SUPPLIED INFORMATION:
* * * * *

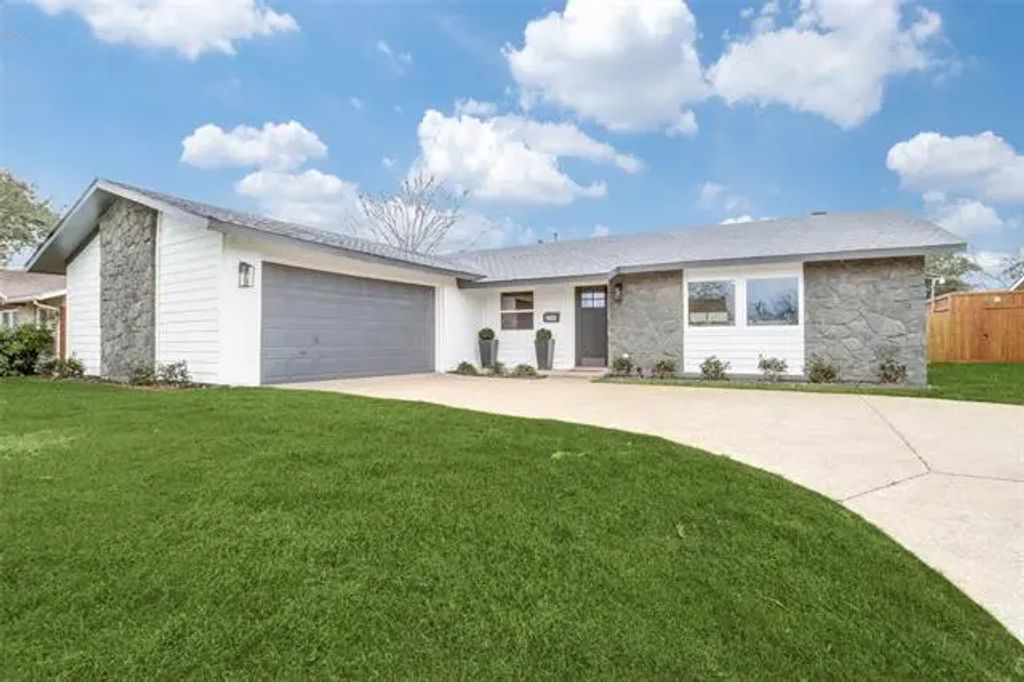 3741 Crown Shore Drive, Dallas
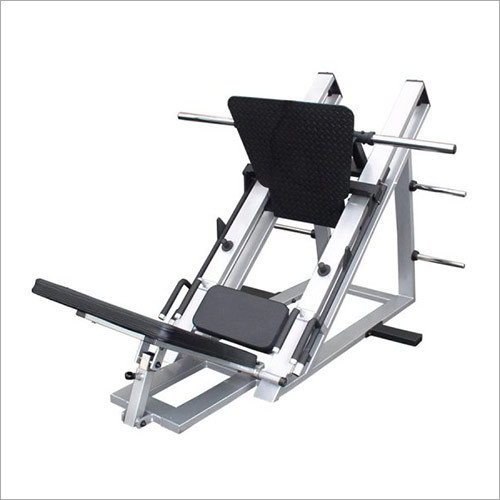 Hack Squat Machine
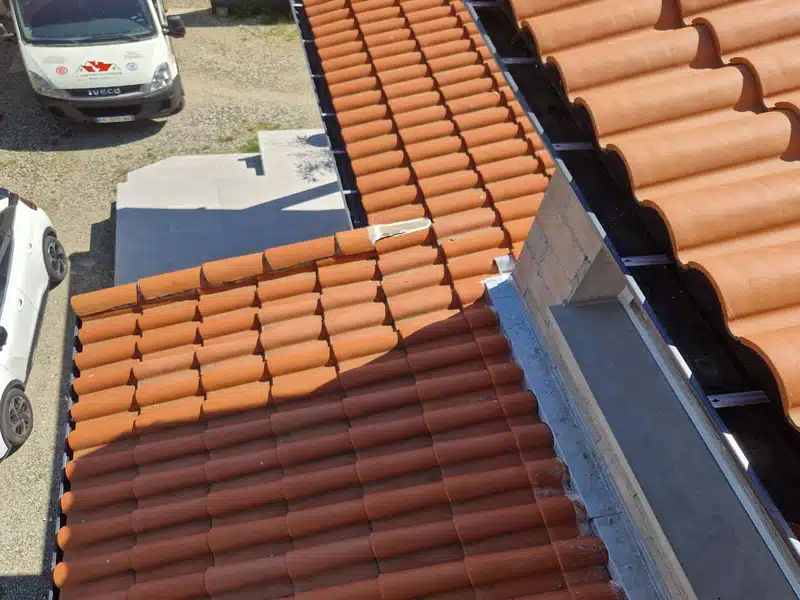 Noue en zinc encastrée entre deux pans de toiture en tuiles à Eaunes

* * * * *

WORK TO BE COMPLETED: What is needed is an exact repetition of every line from the line with "Hack Squat Machine" to the end of the data above, both ends included, with no pictures.

ANSWER SECTION:
 Hack Squat Machine
 Noue en zinc encastrée entre deux pans de toiture en tuiles à Eaunes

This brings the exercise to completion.